The End of Three Month Retroactive Coverage Puts Providers and Families At Risk according to the National Academy of Elder Law Attorneys.

Sec. 114(b) of the American Health Care Act would repeal retroactive coverage of Medicaid eligibility. This puts providers at risk of economic loss; strains family finances; and pits providers against family members for recoupment of expenses, potentially through litigation.

Family Caregivers Provide the Bulk of Care, Often until Exhaustion.

Many Americans take pride in caring for their families, including those that need long-term services and supports (LTSS). In economic terms, one study estimates that unpaid caregivers provide close to four times the amount of services than Medicaid LTSS.

Oftentimes, family members place themselves under extreme emotional, physical, and financial strain. Family caregivers often give up working full time to provide care, often foregoing saving for retirement, paying into Social Security, and resulting in economic insecurity over their life-times. Many families turn to public benefits only when they can no longer provide the care their loved one needs.

Current Law Allows for Up to Three Months of Retroactive Coverage.

As a condition of participating in the Medicaid program, states must provide retroactive Medicaid coverage up to three months prior to application, provided the individual with a disability could have qualified for benefits during that time frame. Sec. 114 of the American Health Care Act would end this retroactive coverage except for during the month of application.

Three Month Retroactive Coverage Protects Families and Providers Alike.

Often families hope to support their loved one with a disability as long as possible. They may have personally racked up significant expenses paying for that individual’s health and LTSS needs. Sometimes, admission to a nursing home happens suddenly after hospitalization. The individual may get directly discharged by the hospital to a nursing facility for rehabilitation. Medicaid eligibility rules are complex and the applications onerous.

By the time the adult child of the Medicaid beneficiary makes the application, it may be a month or so after admission to the nursing home. Yet, the nursing facility needs to ensure it gets compensated for providing services to that individual.

The adult child does not want to see his or her parent discharged because the parent lack funds. Retroactive coverage ensures the provider can collect payment for a beneficiary who meets the strict means-tested standards of Medicaid, but has not yet finalized the application process while receiving services.

Repeal of These Provisions Would Put Families at Risk of Lawsuits and Debt Collection.
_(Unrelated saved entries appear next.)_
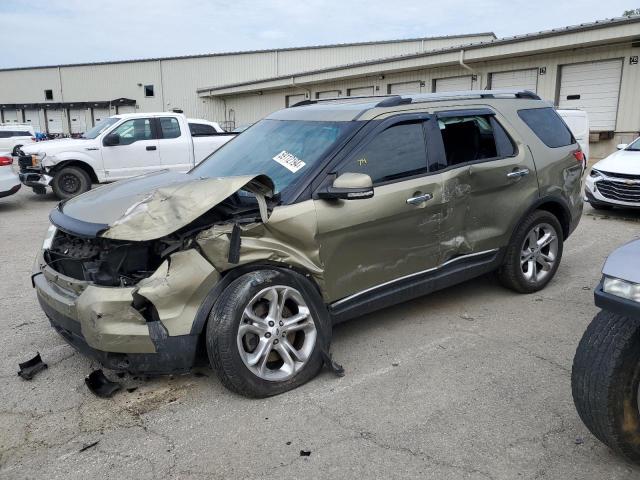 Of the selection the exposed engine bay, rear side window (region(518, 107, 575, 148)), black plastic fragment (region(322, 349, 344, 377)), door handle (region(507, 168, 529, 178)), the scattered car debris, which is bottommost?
the scattered car debris

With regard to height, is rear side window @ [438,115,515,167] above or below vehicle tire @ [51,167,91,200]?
above

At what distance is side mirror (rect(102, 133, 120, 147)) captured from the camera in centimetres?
1195

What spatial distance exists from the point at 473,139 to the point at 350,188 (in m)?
1.65

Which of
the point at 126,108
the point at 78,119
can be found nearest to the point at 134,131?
the point at 126,108

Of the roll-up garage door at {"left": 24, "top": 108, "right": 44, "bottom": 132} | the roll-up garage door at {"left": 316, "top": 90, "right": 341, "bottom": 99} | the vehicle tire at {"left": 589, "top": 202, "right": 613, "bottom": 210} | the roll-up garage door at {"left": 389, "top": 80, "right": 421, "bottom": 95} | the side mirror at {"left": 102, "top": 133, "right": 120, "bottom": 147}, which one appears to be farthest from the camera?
the roll-up garage door at {"left": 24, "top": 108, "right": 44, "bottom": 132}

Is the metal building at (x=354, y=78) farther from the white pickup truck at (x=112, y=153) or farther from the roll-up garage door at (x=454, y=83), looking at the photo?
the white pickup truck at (x=112, y=153)

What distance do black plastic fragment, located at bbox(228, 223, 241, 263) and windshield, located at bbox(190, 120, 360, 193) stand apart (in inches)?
21.1

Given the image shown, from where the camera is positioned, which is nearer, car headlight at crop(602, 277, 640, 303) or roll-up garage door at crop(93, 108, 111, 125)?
car headlight at crop(602, 277, 640, 303)

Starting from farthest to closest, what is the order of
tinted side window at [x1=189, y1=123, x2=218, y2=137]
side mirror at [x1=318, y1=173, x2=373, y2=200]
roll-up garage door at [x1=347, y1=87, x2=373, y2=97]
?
roll-up garage door at [x1=347, y1=87, x2=373, y2=97]
tinted side window at [x1=189, y1=123, x2=218, y2=137]
side mirror at [x1=318, y1=173, x2=373, y2=200]

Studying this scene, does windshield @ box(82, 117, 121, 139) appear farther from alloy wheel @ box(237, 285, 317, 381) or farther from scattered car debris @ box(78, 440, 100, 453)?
scattered car debris @ box(78, 440, 100, 453)

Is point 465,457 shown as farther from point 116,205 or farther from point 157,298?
point 116,205

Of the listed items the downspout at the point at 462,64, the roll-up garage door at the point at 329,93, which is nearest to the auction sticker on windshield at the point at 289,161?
the downspout at the point at 462,64

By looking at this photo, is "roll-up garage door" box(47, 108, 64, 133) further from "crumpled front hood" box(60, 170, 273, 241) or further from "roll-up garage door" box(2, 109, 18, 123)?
"crumpled front hood" box(60, 170, 273, 241)

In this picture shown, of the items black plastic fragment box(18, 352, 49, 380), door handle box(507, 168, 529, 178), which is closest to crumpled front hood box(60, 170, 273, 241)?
black plastic fragment box(18, 352, 49, 380) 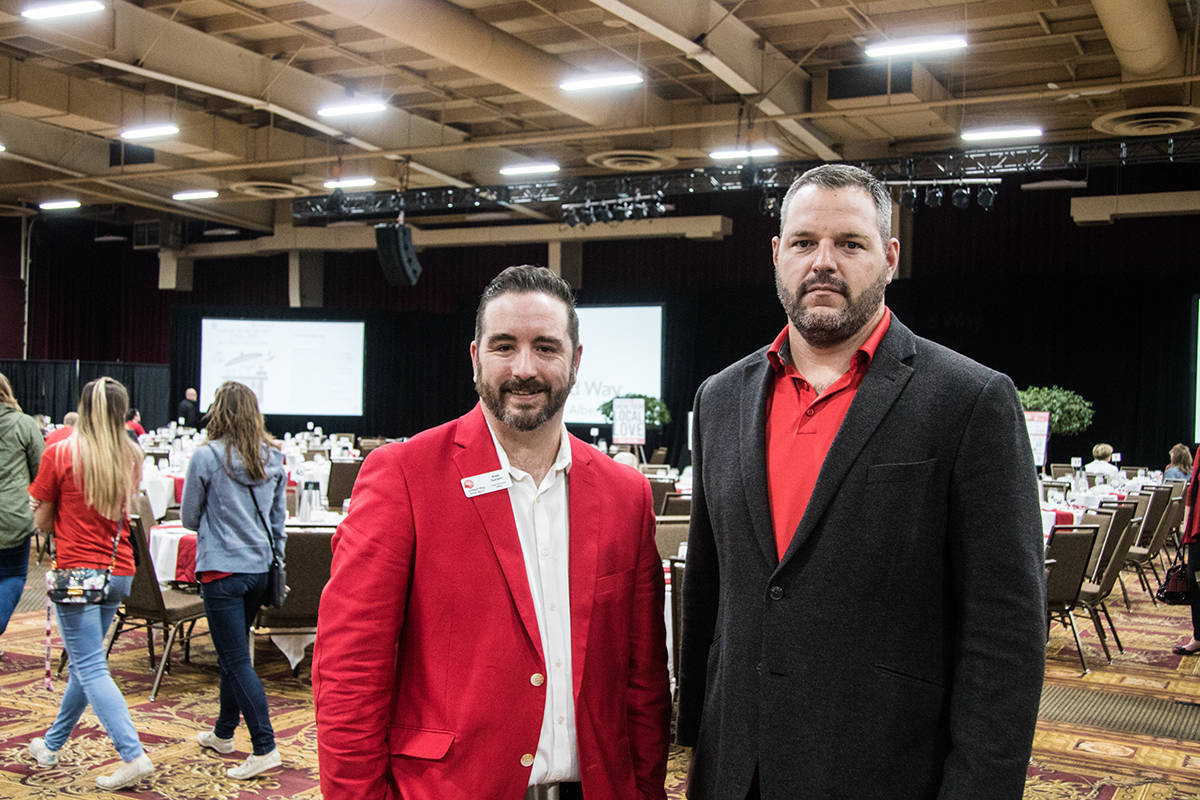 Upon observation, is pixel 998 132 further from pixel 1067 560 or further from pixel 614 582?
pixel 614 582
Without retroactive coverage, from the perspective of the nursing home provider, they now have provided care without compensation. Depending on the contractual obligations of the family caregiver, the nursing facility could sue them by claiming they should have filed the Medicaid application more swiftly, holding them personally liable for payment of services.

This increase in litigation does not serve beneficiaries, their families, nor their providers. In the alternative, a nursing facility may require money paid in advance until Medicaid starts providing coverage.

This could put a tremendous financial strain on the families who may decide to hold off on admission, putting the beneficiary at risk for receiving care at the most appropriate setting.